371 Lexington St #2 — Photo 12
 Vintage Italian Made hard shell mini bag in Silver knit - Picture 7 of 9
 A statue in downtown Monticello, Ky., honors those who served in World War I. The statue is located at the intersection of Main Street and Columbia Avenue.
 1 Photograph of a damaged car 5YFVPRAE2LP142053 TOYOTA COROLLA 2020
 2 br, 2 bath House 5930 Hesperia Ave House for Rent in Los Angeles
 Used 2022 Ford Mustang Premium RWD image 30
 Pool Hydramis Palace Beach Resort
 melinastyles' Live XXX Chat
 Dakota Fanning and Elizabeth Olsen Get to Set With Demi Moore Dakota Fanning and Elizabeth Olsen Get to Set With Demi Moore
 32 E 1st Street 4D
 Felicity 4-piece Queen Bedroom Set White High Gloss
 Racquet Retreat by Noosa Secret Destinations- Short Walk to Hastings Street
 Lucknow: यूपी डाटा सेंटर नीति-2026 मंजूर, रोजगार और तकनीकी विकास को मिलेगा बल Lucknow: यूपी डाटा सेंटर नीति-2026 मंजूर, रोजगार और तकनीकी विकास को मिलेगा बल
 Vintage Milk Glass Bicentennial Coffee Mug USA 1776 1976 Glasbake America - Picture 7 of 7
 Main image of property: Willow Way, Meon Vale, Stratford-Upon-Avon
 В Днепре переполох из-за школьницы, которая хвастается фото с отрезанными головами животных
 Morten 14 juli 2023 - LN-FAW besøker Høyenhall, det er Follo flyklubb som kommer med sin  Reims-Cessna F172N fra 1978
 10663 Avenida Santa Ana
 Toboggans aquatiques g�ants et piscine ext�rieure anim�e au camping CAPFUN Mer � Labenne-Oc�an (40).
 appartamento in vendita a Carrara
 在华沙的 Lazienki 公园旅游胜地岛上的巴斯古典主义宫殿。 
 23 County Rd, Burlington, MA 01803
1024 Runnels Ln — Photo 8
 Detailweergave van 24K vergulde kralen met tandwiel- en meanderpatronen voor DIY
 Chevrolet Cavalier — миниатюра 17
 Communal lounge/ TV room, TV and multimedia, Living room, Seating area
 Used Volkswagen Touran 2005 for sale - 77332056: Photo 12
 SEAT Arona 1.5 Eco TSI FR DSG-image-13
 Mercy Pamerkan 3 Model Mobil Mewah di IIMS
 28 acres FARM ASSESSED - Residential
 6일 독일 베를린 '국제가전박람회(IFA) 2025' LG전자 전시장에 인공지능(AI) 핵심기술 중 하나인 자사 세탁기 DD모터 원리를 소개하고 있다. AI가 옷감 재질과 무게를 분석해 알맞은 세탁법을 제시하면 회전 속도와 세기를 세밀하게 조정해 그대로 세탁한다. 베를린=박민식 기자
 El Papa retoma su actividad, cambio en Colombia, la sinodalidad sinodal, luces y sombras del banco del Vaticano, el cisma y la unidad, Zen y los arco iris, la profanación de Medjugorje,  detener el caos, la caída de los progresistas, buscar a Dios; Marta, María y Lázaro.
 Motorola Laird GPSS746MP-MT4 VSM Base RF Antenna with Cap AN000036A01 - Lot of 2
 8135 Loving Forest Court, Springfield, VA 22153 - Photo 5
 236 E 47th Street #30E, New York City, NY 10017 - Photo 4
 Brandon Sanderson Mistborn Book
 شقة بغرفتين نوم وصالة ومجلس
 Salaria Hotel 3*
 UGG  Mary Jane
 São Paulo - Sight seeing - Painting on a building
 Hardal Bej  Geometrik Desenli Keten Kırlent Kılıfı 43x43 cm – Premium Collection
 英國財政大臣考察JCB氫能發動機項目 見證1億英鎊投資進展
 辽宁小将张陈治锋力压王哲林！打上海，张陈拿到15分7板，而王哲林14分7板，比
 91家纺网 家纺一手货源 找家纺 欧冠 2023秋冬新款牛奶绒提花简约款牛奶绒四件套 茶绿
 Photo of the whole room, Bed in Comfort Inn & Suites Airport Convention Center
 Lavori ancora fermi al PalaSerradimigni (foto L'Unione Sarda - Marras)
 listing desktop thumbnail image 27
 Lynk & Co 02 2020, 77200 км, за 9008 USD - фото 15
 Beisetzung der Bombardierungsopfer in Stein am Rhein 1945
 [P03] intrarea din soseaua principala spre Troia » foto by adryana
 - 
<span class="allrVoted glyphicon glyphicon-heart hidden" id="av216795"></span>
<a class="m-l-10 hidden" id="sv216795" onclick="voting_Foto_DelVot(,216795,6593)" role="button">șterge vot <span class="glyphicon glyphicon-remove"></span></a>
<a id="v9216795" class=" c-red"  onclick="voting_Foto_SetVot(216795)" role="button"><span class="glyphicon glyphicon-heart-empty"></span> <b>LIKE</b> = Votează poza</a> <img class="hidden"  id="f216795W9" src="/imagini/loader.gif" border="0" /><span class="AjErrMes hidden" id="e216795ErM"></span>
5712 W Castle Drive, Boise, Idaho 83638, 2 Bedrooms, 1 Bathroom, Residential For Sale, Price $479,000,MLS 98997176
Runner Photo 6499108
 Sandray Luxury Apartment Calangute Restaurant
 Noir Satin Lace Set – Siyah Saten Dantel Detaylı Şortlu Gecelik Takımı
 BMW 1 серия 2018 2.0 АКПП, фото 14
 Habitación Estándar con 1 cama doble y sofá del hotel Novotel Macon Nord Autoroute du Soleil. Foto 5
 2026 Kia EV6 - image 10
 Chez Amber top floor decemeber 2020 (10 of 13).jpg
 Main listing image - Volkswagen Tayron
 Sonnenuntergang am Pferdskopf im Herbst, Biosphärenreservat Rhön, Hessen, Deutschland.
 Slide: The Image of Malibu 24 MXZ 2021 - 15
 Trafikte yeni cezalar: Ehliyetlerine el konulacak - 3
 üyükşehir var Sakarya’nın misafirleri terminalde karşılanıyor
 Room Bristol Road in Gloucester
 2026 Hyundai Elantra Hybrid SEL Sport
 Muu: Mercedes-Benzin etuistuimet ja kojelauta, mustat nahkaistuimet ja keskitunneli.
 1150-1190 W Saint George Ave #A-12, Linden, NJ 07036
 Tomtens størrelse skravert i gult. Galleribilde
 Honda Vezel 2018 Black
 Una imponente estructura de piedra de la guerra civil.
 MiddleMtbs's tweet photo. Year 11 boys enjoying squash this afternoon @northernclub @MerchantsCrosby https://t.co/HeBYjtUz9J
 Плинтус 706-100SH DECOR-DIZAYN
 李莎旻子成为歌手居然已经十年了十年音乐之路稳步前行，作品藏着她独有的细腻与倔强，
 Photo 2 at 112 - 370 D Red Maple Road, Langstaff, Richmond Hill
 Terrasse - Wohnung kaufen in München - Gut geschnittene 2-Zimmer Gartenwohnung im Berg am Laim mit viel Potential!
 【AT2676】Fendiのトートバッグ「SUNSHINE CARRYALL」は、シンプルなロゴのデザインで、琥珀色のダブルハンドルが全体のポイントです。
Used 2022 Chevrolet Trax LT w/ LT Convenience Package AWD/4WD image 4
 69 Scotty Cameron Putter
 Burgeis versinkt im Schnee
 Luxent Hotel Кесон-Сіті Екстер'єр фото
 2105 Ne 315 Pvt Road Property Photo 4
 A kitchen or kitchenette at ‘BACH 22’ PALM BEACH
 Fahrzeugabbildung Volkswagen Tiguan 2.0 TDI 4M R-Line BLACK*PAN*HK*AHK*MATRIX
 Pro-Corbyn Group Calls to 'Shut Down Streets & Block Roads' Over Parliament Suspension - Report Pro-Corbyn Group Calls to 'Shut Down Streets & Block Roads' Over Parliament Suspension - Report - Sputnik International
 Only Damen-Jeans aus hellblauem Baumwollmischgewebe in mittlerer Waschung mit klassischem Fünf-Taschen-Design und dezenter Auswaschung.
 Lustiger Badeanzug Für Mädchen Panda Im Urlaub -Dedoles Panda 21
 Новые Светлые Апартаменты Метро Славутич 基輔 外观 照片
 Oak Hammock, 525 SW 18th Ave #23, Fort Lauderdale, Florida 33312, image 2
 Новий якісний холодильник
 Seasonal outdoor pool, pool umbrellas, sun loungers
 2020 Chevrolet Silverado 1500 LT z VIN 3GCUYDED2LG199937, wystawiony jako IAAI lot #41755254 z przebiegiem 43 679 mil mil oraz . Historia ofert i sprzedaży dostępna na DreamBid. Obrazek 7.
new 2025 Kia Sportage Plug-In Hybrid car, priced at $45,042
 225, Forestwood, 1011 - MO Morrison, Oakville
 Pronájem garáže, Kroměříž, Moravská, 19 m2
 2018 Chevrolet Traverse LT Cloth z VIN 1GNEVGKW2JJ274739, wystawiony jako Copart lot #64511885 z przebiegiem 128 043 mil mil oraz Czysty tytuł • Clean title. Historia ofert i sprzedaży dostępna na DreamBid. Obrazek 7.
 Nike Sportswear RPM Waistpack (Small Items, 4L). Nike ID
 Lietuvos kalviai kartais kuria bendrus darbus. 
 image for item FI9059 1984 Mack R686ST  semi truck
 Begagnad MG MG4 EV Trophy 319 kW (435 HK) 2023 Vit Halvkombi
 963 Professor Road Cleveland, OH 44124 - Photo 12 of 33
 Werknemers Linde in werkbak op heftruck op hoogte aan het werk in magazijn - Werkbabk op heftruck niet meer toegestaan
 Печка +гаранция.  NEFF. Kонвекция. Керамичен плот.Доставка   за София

• **BRIEF**
Retype the entries above exactly, but only from the line containing "2 br, 2 bath" through the line containing "Felicity 4-piece Queen", both included.

• **SOLUTION TO THIS TASK**
 2 br, 2 bath House 5930 Hesperia Ave House for Rent in Los Angeles
 Used 2022 Ford Mustang Premium RWD image 30
 Pool Hydramis Palace Beach Resort
 melinastyles' Live XXX Chat
 Dakota Fanning and Elizabeth Olsen Get to Set With Demi Moore Dakota Fanning and Elizabeth Olsen Get to Set With Demi Moore
 32 E 1st Street 4D
 Felicity 4-piece Queen Bedroom Set White High Gloss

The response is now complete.